Incidentally, I recently watched a UK Channel 4 documentary “NASA, Nazis and the Space Race” – highly recommended if you can get to see it. Jesus wept. Werner von Braun would easily have outclassed Musk for sheer evil until the latter took up starving babies for fun and profit by shutting down USAID. And von Braun was by no means alone – the USA recruited and whitewashed 1,600 Nazi military scientists for their expertise in rocketry, chemical and biological weapons, and other areas – and many moved over to NASA when the “Space Race” became a front in the Cold War.

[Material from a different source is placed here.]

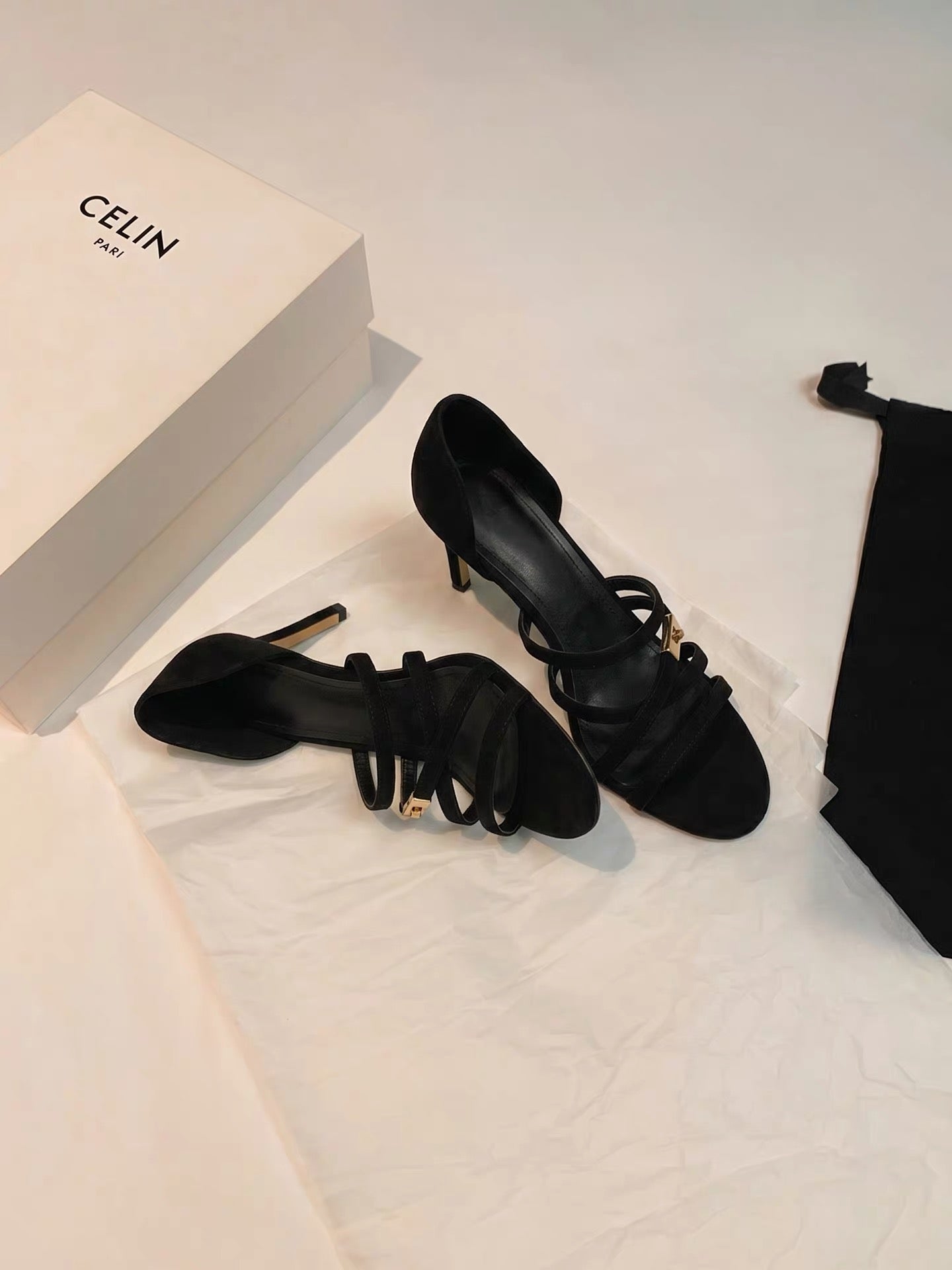 Jianghou French-style women's sandals: sophisticated high-heeled, closed-heel, open-toe Roman-style shoes—2026 new summer collection.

“When I first came here, this was all swamp. Everyone said I was daft to build a castle on a swamp, but I built in all the same, just to show them. It sank into the swamp. So I built a second one. That sank into the swamp. So I built a third. That burned down, fell over, then sank into the swamp. But the fourth one stayed up. And that’s what you’re going to get, Lad, the strongest castle in all of England.”
@31. KG :
Yes. As a person Von Braun is massively problematic and has a really bad history and yet the Apollo program was arguably the most impressive thing our species has ever done and one of the greatest rockets and feats of engineering in history.
Plus Von Braun isn’t NASA or even the Apollo program despite him being a part – even having played a major part in that.
Likewise, Elon Musk isn’t SpaceX or even the Starship program despite him being a part – even having played a major part in that.
Which also answers #30 Rob Grigjanis.
@28. KG : The Titan sub actually worked for a little while. But anyhow. Plenty of counter-examples already cited too. The mere fact that someone says something can’t work doesn’t mean they’re right.
Of course, I have my biases -and other people have their biases too.